Recently I signed up my indie publishing company, Dark Helix Press, to be a vendor at FIYAHCON, a virtual convention centering the perspectives and celebrating the contributions of BIPOC in speculative fiction. (I’ll be speaking about publishing there too, will release details when I have them.)
At FIYAHCON the vendors are setting up a virtual table on a platform called AirMeet which I have never used before. One of the items I needed to upload was a video and I don’t have any book trailers for Dark Helix Press. In the past I made a book trailer for The Undead Sorceress which was ok, but with new tools available, making a trailer now is much faster than ever before! The concept of making a trailer is the same to make any video for social media, once you learn how to make on video, it’s a skill which can be used for lots of creative fun!
The trailer I made below took about three hours, because I was fiddling with fonts/colors/layout and made some custom graphics for the Dark Helix Press Threadless Shop merchandise because I wanted “clean cut” items that would “pop out.” I had to use a graphic editor to do that (did it quick and dirty with the free Paint.net graphic program) because video programs have limited graphics editing capabilities. Note I had $0 budget, but the video looks pretty good for zero dollars!
Steps used to make a book trailer:
- List out what you want to put in each “slide” which is really a short video. Pretend it’s a PowerPoint and on each slide think about what message or text you want to convey.
- Find videos for each slide. There are a couple of sites you can download free videos, such as Pexels, Pixabay, Mixkit, etc. We used Pixabay.
- For one video we wanted 14 seconds, but the shot we downloaded was 10 seconds, so we extended the video time by slowing down the speed of the footage.
- If you are adding extra graphics to the video, you will need to clean up with a graphics editor such as Paint.net, Krita, Adobe Photoshop, etc.
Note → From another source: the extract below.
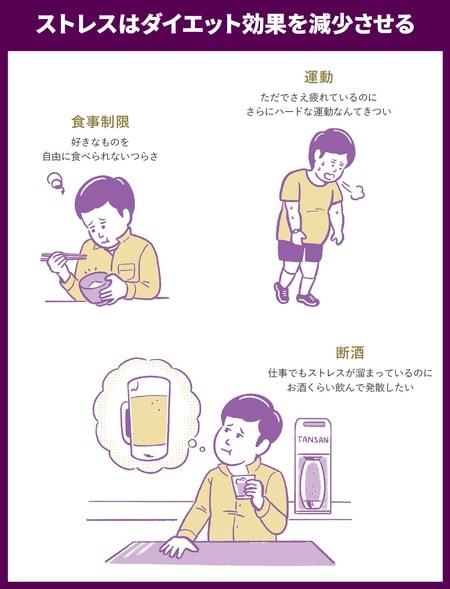 我慢を強いてストレスを溜めるのはダイエットの大敵。ストレスによって代謝が悪くな り、痩せにくい体になります。まずは自分の意識をストレスから解放してみましょう。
We used Paint.net.
- Pick a program to compile the videos – Canva, Filmgora, iMovie, etc. We used Canva.
- Upload the videos into the program, add text, music (we used the music provided in the program) and graphics.
- In some of the programs you can modify the layout and animate the graphics/fonts.
- Upload onto Youtube and publish.
- Read carefully on the sites where you gathered graphics, videos and music. Some of the licenses ask for attribution in lieu of payment and there may be restrictions on use.